Supplied records:
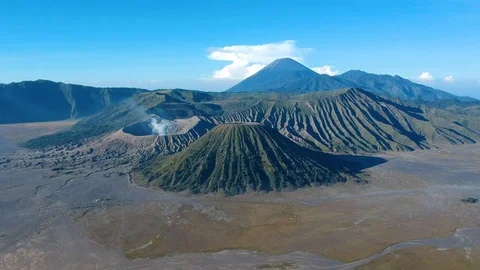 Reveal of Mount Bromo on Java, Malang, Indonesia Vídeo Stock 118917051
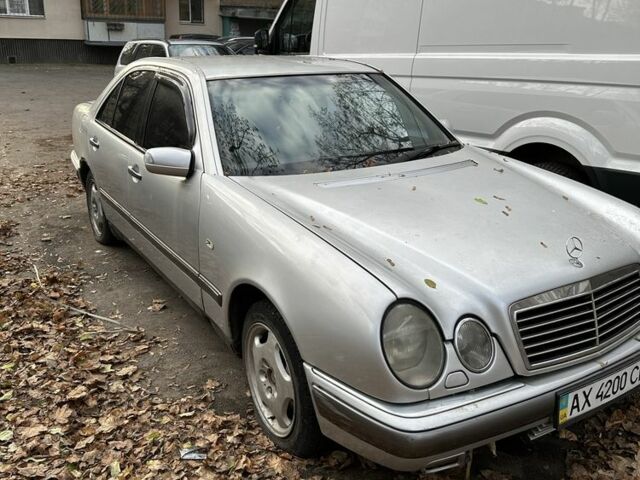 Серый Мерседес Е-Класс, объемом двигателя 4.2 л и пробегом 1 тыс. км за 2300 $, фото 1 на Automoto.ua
...
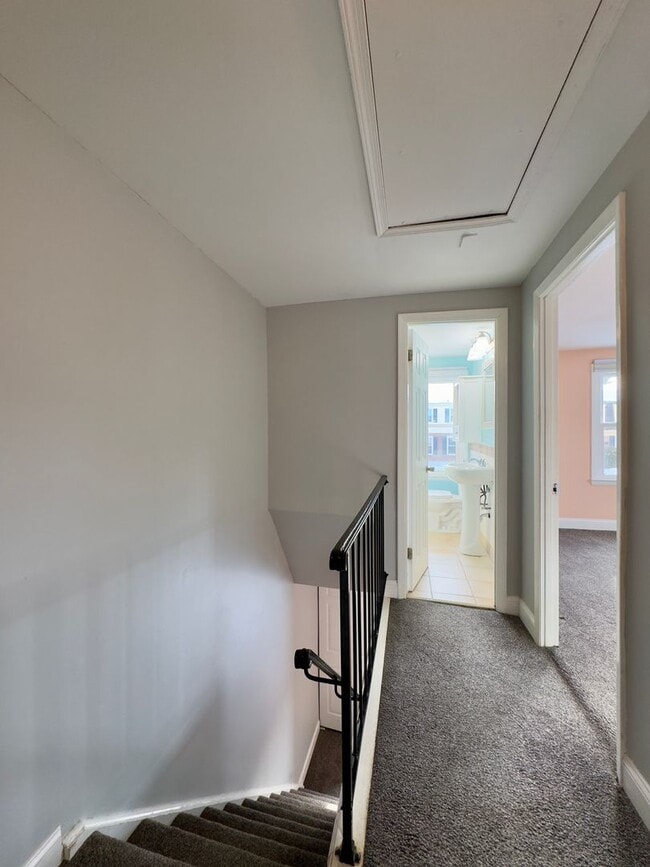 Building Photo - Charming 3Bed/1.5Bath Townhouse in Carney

Problem statement: Return only the stretch above from the line containing "Reveal of Mount" through the line containing "Серый Мерседес Е-Класс, объемом", word for word and without pictures.

Answer for the task:
 Reveal of Mount Bromo on Java, Malang, Indonesia Vídeo Stock 118917051
 Серый Мерседес Е-Класс, объемом двигателя 4.2 л и пробегом 1 тыс. км за 2300 $, фото 1 на Automoto.ua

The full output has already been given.